Quindi secondo lei l’intelligenza artificiale non potrà mai essere cosciente?
L’intelligenza artificiale, per sua natura, elabora simboli seguendo regole programmate o apprese. Può imitare certi aspetti dell’intelligenza umana, ma il significato autentico richiede esperienza interiore, un “sentire” che le macchine non hanno. La coscienza non è una proprietà emergente di un calcolo, ma un principio fondamentale della realtà.

Aldilà della teoria della conoscenza, mi sembra che il suo messaggio abbia una importante portata etica e morale, in un contesto, com’è quello dell’odierna società occidentale, in cui più che di scienza si può parlare di “scientismo”, che porta con sè anche una visione in un certo modo distorta del metodo scientifico perché è diventata, specie negli ultimi anni, una nuova religione. La visione dell’uomo come macchina, e quindi smontabile e manipolabile che questa visione porta con sé è la negazione di secoli di umanesimo.

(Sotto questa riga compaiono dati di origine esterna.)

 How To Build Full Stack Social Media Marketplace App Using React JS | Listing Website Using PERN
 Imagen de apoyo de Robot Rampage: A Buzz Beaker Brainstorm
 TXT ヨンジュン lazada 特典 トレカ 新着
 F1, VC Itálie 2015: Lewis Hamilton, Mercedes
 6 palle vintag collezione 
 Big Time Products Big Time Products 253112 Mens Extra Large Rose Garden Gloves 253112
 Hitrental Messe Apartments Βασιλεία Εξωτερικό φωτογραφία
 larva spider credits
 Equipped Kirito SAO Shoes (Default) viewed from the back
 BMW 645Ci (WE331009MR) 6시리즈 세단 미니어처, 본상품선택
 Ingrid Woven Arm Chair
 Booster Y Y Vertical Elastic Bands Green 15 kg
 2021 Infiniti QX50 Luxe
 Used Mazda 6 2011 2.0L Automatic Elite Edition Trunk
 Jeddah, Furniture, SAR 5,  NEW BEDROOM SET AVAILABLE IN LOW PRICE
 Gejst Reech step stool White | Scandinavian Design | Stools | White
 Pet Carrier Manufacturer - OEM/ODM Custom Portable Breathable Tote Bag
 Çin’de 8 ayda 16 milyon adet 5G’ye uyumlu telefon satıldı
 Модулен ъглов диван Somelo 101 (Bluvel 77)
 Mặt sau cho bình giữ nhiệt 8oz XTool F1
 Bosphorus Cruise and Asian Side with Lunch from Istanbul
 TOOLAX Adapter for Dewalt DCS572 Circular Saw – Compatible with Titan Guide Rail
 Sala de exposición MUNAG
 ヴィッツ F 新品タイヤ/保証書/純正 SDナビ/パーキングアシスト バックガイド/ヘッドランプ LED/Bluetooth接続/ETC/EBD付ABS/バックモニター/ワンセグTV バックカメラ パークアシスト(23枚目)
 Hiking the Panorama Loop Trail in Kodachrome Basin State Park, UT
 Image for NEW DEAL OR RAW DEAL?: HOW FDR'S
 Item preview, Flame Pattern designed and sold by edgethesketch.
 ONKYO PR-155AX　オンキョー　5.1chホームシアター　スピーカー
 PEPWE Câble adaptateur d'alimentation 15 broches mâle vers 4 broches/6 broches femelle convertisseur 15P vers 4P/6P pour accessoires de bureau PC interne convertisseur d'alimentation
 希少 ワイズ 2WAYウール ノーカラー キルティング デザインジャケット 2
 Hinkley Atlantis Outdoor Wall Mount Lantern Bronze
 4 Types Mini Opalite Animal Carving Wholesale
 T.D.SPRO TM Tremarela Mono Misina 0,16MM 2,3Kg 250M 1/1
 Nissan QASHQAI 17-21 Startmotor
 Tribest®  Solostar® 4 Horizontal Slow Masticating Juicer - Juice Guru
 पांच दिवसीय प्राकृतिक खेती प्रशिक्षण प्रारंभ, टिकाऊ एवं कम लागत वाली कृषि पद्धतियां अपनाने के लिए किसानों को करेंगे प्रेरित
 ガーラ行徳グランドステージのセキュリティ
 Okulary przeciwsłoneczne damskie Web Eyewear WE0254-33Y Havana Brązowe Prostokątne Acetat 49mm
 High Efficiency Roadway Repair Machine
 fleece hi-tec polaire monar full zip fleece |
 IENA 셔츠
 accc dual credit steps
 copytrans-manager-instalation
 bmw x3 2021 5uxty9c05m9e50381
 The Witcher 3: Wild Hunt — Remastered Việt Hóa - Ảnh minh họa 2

Sì, lo scientismo che impregna la nostra cultura e società è non solo la negazione della profonda cultura umanistica che è stata uno dei pilastri della nostra civiltà, ma è la negazione della vita stessa. Lo vedo soprattutto nelle infinite discussioni sull’intelligenza Artificiale, che sempre di più si va sostituendo al pensiero e alla ragione, devo dire, con dispiacere, anche nei programmi scolastici.
L’umanità per evolversi ha bisogno di un infinito processo di conoscenza. In questo senso il mio modello teorico afferma che questo processo è inesauribile, proprio per la natura stessa della relazione tra l’essere e il simbolo. Solo in questo processo l’uomo può acquisire consapevolezza di non essere una macchina.